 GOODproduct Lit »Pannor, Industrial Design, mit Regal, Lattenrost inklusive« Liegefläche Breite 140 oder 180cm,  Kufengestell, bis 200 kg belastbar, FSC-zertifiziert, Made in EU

□ □ □

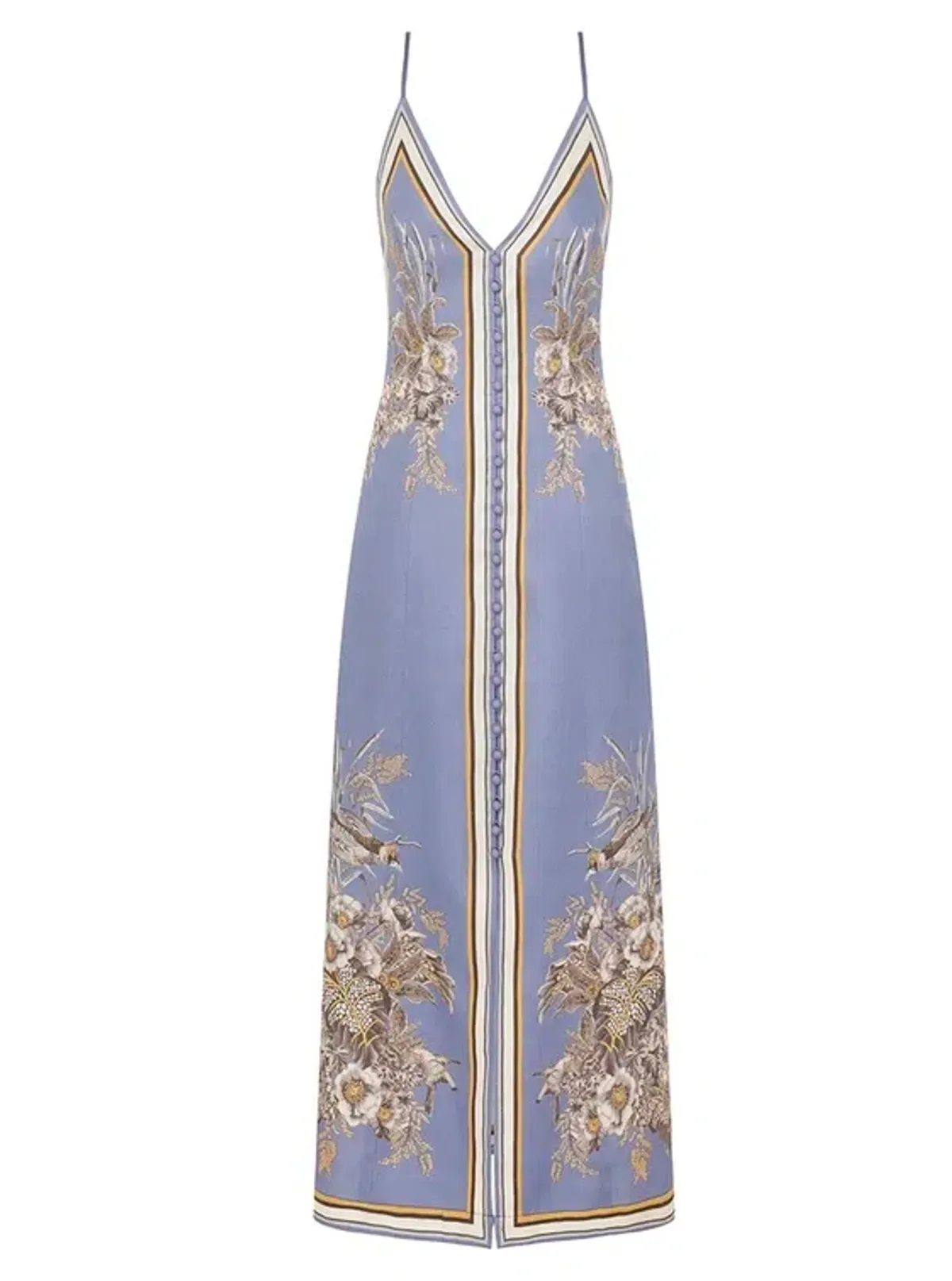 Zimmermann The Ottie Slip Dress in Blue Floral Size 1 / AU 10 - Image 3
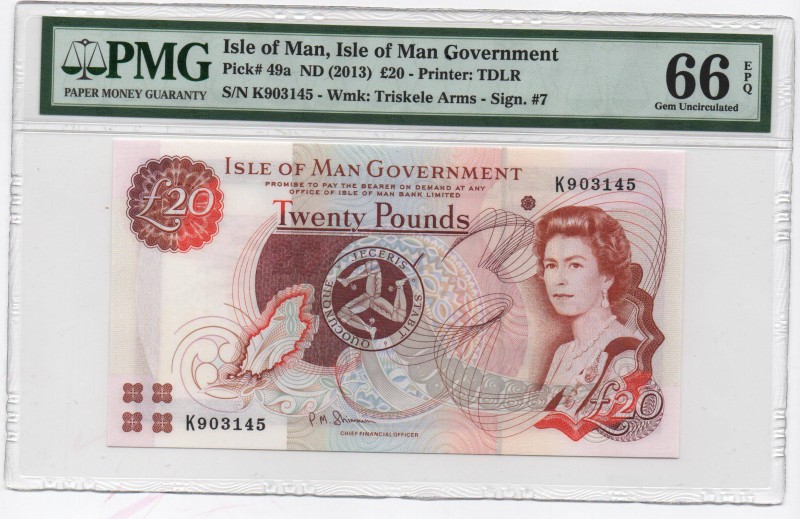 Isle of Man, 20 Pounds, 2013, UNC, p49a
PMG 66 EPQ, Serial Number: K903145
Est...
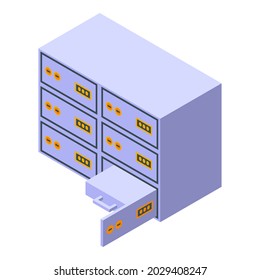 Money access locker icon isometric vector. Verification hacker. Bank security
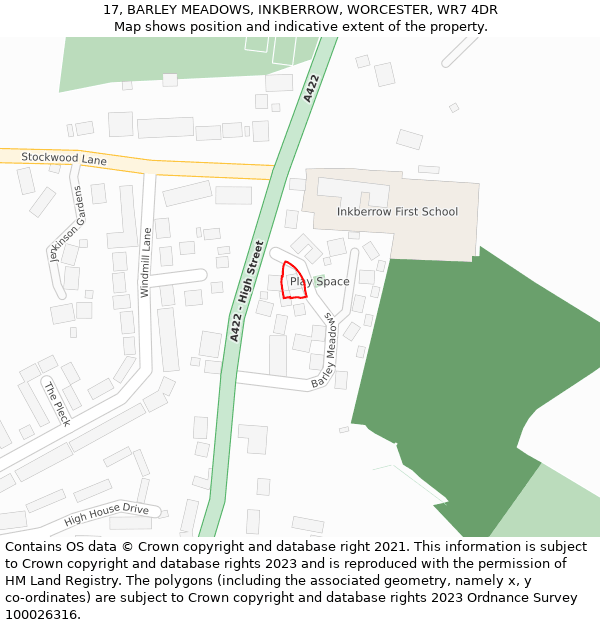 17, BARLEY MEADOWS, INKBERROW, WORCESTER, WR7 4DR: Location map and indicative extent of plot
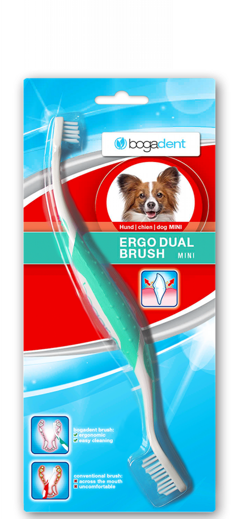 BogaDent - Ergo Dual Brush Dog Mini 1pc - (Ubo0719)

□ □ □

## Action item
After locating the line containing "PMG 66 EPQ, Serial Number: K903145" in the entries above, return it and every line after it exactly, ending at the line containing "BogaDent - Ergo", without pictures.

## Exercise output
PMG 66 EPQ, Serial Number: K903145
Est...
 Money access locker icon isometric vector. Verification hacker. Bank security
 17, BARLEY MEADOWS, INKBERROW, WORCESTER, WR7 4DR: Location map and indicative extent of plot
 BogaDent - Ergo Dual Brush Dog Mini 1pc - (Ubo0719)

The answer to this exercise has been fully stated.